Output the entries exactly. Start at the first line, finish with the line containing "Oxford Kitchen Ensemble", and omit the pictures.

** Input follows **

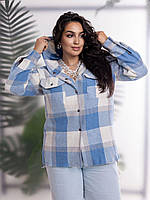 Женская кашемировая рубашка в клетку с капюшоном Батал № Селеста 48, Голубой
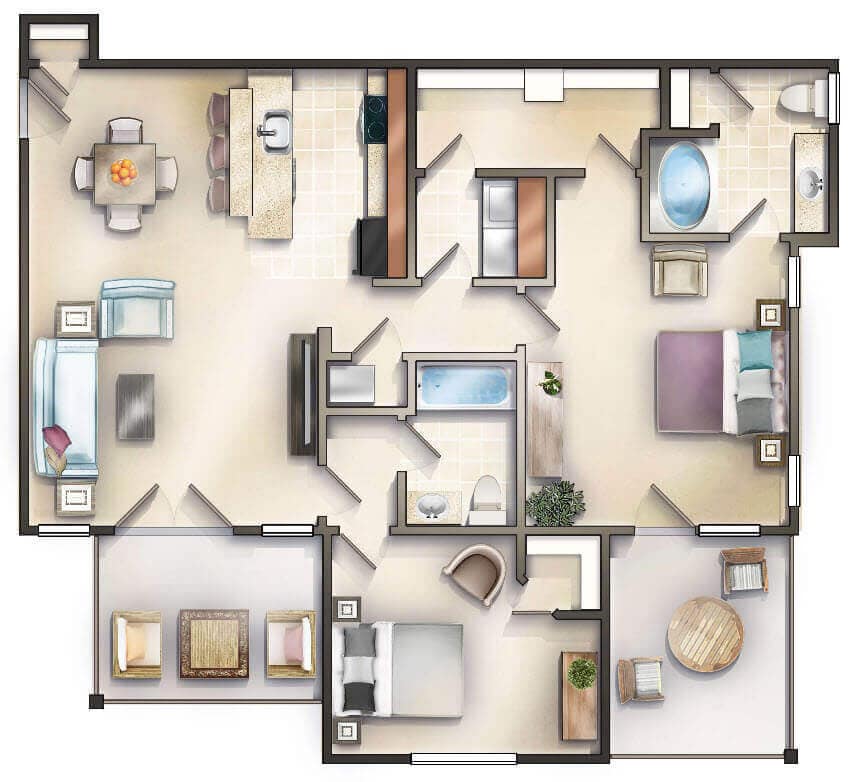The River Birch with Double Patio 2Bed 2Bath - River Birch w/ Double Bal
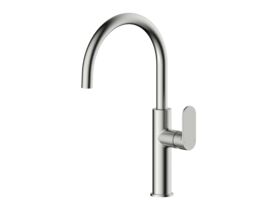 Hero - Mizu Soothe MK2 Gooseneck Sink Mixer Curved Brushed Nickel (5 Star)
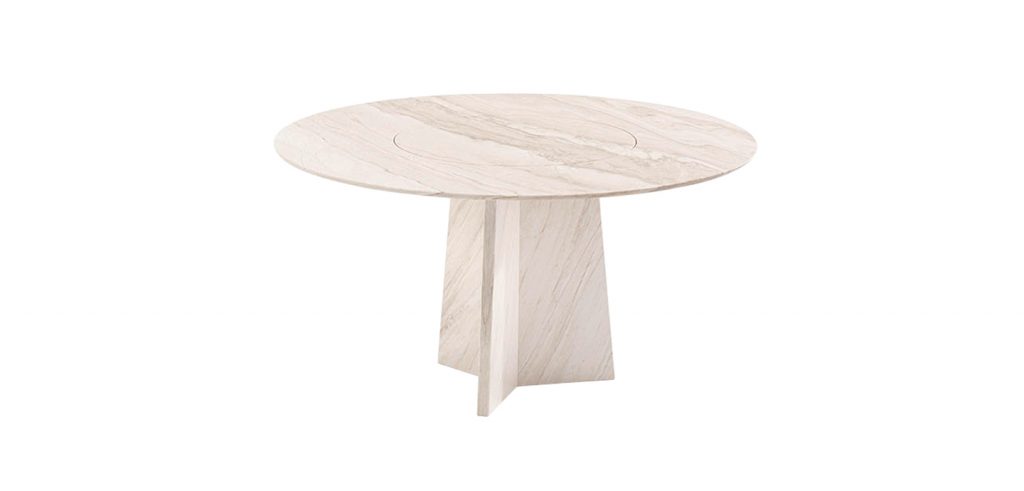 Round dining table with cone-shaped rotating inner plate in a cream color tone on a white background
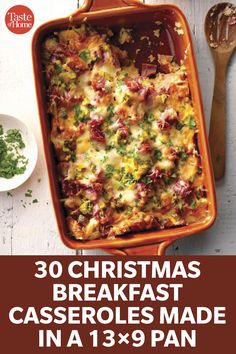 christmas breakfast casserole made in a 13x9 pan with text overlay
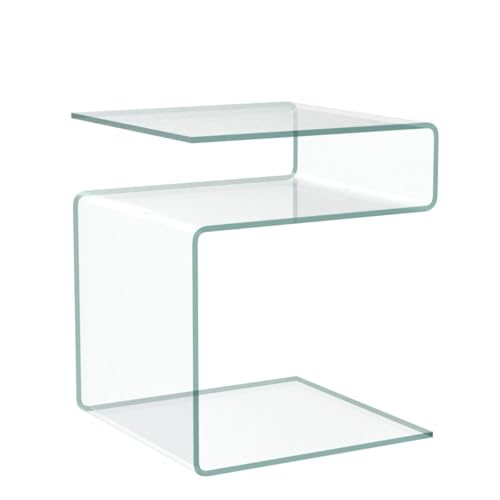 Glass Nightstand,Side Table,S-Shaped End Table for Living Room,Bedside Table for Bedroom (Clear)
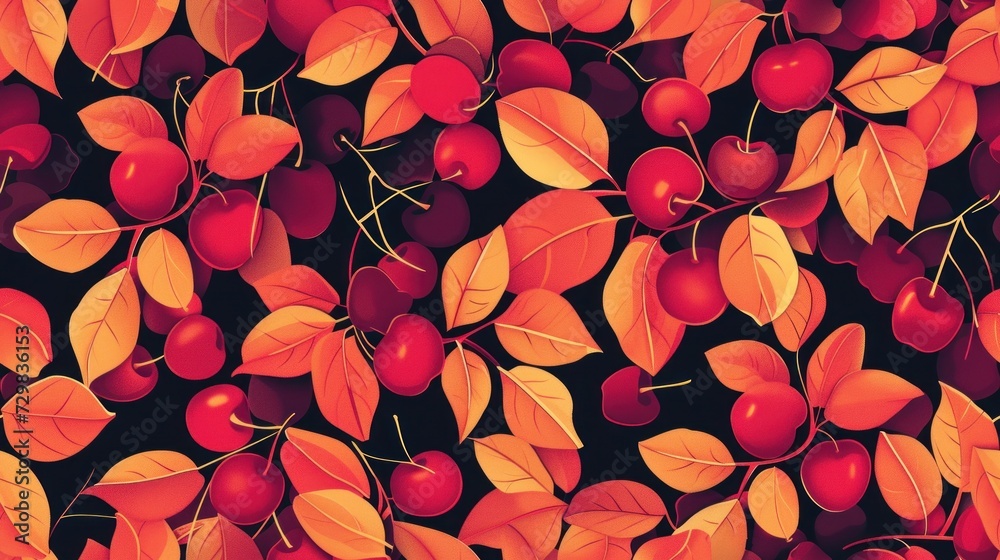 a bunch of cherries on a branch with leaves on a black background with a red and orange color scheme in the center of the image is an orange color scheme. a bunch of cherries on a branch with leaves on a black background with a red and orange color scheme in the center of the image is an orange color scheme.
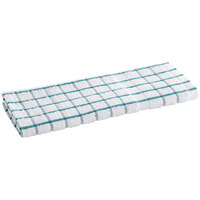 Oxford Kitchen Ensemble 15" x 25" White / Green Windowpane 32 oz. 100% Ringspun Cotton Kitchen Towel - 144/Case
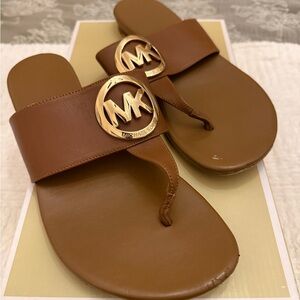 Michael Kors Tan Sandals with Gold Emblem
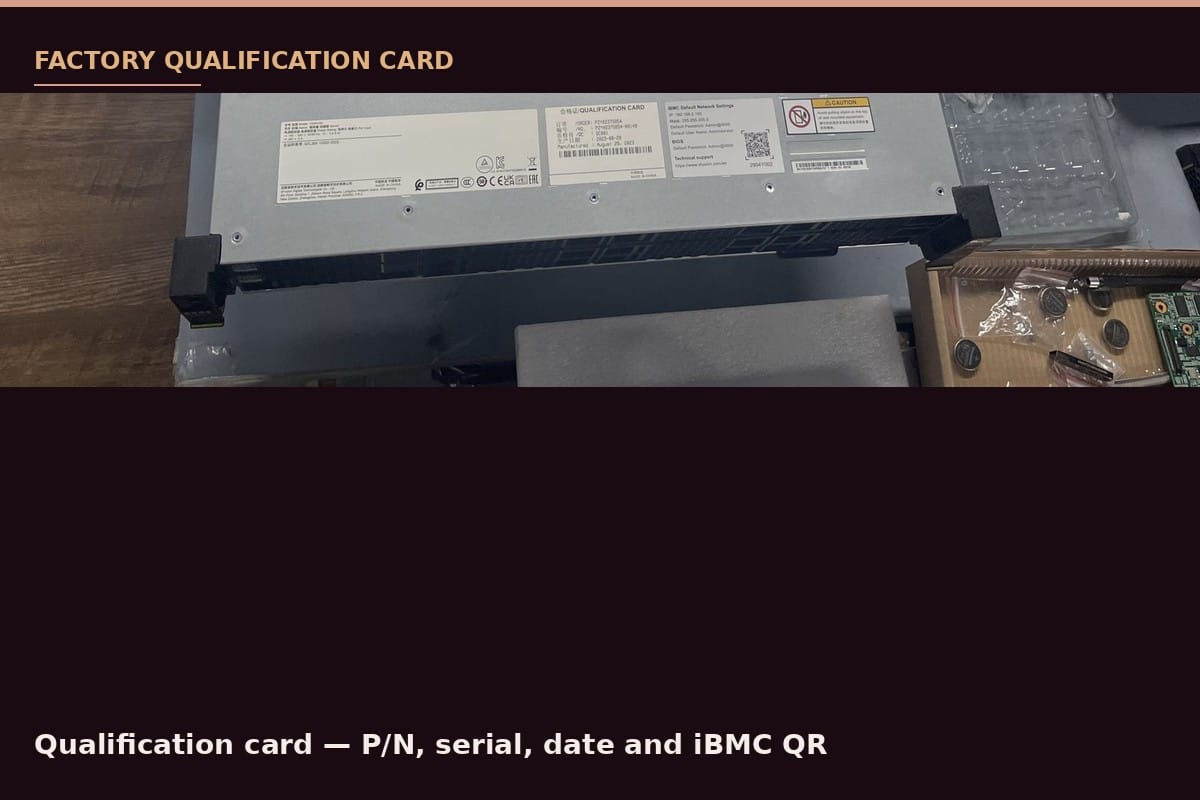 xFusion 2288H V5 factory qualification card with P/N, serial and iBMC QR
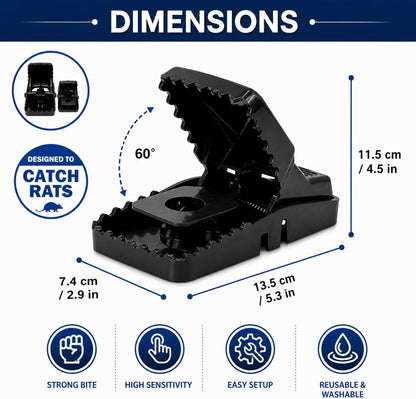 Coremaster Rodent Snap Traps for Rats & Mice - Reusable, No-Touch Release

** End of Input **

■ **Output of the task**
 Женская кашемировая рубашка в клетку с капюшоном Батал № Селеста 48, Голубой
The River Birch with Double Patio 2Bed 2Bath - River Birch w/ Double Bal
 Hero - Mizu Soothe MK2 Gooseneck Sink Mixer Curved Brushed Nickel (5 Star)
 Round dining table with cone-shaped rotating inner plate in a cream color tone on a white background
 christmas breakfast casserole made in a 13x9 pan with text overlay
 Glass Nightstand,Side Table,S-Shaped End Table for Living Room,Bedside Table for Bedroom (Clear)
 a bunch of cherries on a branch with leaves on a black background with a red and orange color scheme in the center of the image is an orange color scheme. a bunch of cherries on a branch with leaves on a black background with a red and orange color scheme in the center of the image is an orange color scheme.
 Oxford Kitchen Ensemble 15" x 25" White / Green Windowpane 32 oz. 100% Ringspun Cotton Kitchen Towel - 144/Case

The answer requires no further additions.